9. The artificial intelligence-based amorphous alloy motor operation performance monitoring system according to claim 8, characterized in that: The specific process of the 3D dynamic coupling display of the output motor is as follows: The system integrates motor health index, motor remaining life prediction, and multi-field coupling parameters and environmental conditions of motor operation into a digital twin system. It also identifies the corresponding components of the motor's 3D model with differentiated visualizations and dynamically presents countdown information based on the motor's remaining life prediction. The system integrates simulation algorithms to map the dynamic changes of multi-field coupling parameters and environmental conditions of motor operation onto the model. Finally, it uses graphics rendering and animation technology to fuse information and form a 3D interactive interface.

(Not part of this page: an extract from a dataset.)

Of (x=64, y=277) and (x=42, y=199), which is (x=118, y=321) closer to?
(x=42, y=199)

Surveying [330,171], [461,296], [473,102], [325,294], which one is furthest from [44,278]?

10. A method for monitoring the operating performance of amorphous alloy motors based on artificial intelligence, characterized in that: Includes the following steps: Step 1: Collect multi-field coupling parameters of motor operation and environmental condition data. The multi-field coupling parameters of motor operation include electrical coupling parameters, thermal coupling parameters and mechanical coupling parameters; Step 2: Preprocess the multi-field coupling parameters of the motor operation and the environmental condition data, and introduce multi-field coupling features to extract multi-dimensional features and multi-sensor time-series features; Step 3: Based on historical motor operation data, an improved LSTM and Attention mechanism is adopted and integrated with the Transformer architecture to build a dynamic mapping model. Multi-dimensional features are input into the dynamic mapping model, and the output is the energy efficiency level and the probability distribution of IE4 and IE5 in the energy efficiency level. The level corresponding to the highest probability is taken as the judgment result. Based on the energy efficiency level, a graph structure data is constructed with multiple sensors as nodes and physical field coupling relationship as edges. The graph neural network is used to fuse the time series features of multiple sensors to output the motor health index and the prediction of the remaining life of the motor. Step 4: Visualize the motor health index and the motor remaining life prediction using digital twins, and output a 3D dynamic coupling display of the motor.